Operators of the Vancouver Island Motorsport Circuit are looking forward to working with residents of the Sahtlam neighbourhood, as well as the District of North Cowichan, on a sound mitigation policy for the test track.
In VIMC’s presentation at a special meeting of the District of North Cowichan committee of the whole last week, a request was made to mayor Jon Lefebure and council to establish a working group between the three parties. “In addition,” said Toby Seward, a consultant for track builder SupErb Construction and one of three speakers on the evening, “we propose that we retain a facilitator and also to bring in design experts selected by the working group to assist in the process.”
The move is the latest by the facility’s owner, Victoria-based GAIN Dealer Group, to address concerns voiced by area residents over track-related noise levels.
The company created a noise policy last fall that sets out maximum decibel levels for vehicles using the track, as well as clarifying hours of operation, 8 a.m. to 8 p.m. It also lays out where sound measuring equipment would be placed at the track, based on recommendations from Wakefield Acoustics, the company retained last summer to do a noise compliance study for the facility.
That study detailed readings from monitoring equipment placed at the track, on the edge of Highway 18, and at two residences in the neighbourhood. It concluded that while track-related noise was audible at the two homes and “may cause annoyance to some individuals,” that other noise sources dominated the environments at both.
It also stated that track-related noise levels did not approach or exceed the noise level limits set out in Cowichan Valley Regional District Bylaw 3723. As North Cowichan does not have decibel limits in place under its general noise bylaw — that regulation is “nuisance-based” — the more stringent Bylaw 3723 was used for comparison purposes.
Following last Thursday’s committee of the whole meeting, Isabel Rimmer, president of the Sahtlam Neighbourhood Association, indicated that further measurement and monitoring of track-related sound in the neighbourhood will be one of the key factors moving forward.
Noise study co-author Clair Wakefield, whose company has completed community noise assessments for such high-profile projects as the third runway at Vancouver International Airport, an arterial road noise study for the City of Vancouver, and Hong Kong Disneyland, stood behind the VIMC study results in a separate interview with Black Press.
“Part of a noise study [implies that] the source is operating as it typically would,” he said, adding that the measurement day during track operations was “neutral,” with little to no wind. Comparing data from the four measurement sites, he said, they found that logging trucks on Highway 18, and helicopter traffic were the most significant and prolonged noise sources.
Rimmer told Black Press that residents don’t have any issues with highway traffic and other noise sources. Wakefield noted that in his experience, when a “noticeable” and “new” noise source enters a residential environment, it can lead people to voice concerns.
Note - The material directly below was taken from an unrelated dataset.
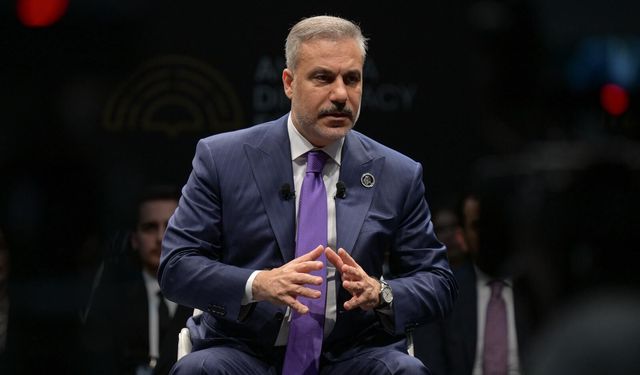 TC Dışişleri Bakanı Hakan Fidan, Yunanistan'ın da NATO üyesi olduğunu hatırlattı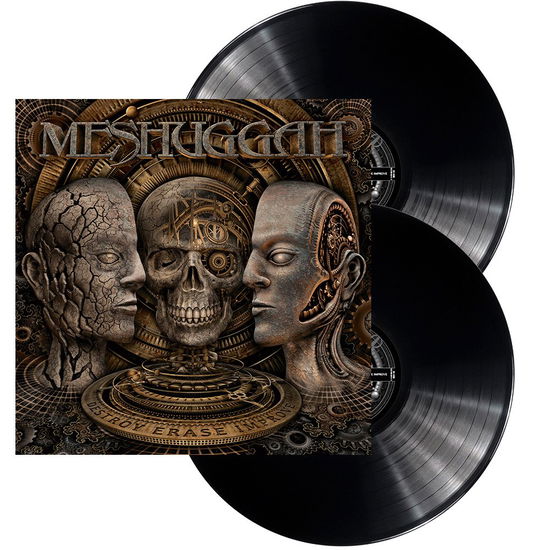 Destroy Erase Improve - Meshuggah - Música - NUCLEAR BLAST - 0727361466510 - 30 de noviembre de 2018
Of the formation of the working group and the terms of reference, Seward suggested at the meeting that each of the three stakeholders nominate two members, who would agree on a facilitator and interview design experts to guide the technical aspects.
“It’s not going to be an easy process, and there’s certainly a cost associated with it, but we think that’s the only way to work together as a community. And we certainly recognize that Sahtlam doesn’t feel they’ve been engaged as much as they should have been … it’s our goal that council would take our request and proceed with this option as soon as possible.”
Added Rimmer: “We’ve always said that we want a triple-win situation here. There really should be no reason that they can’t operate a business and we can’t live our lives and we’ve always wanted that.”
No timeline for the formation of the working group has yet been set out.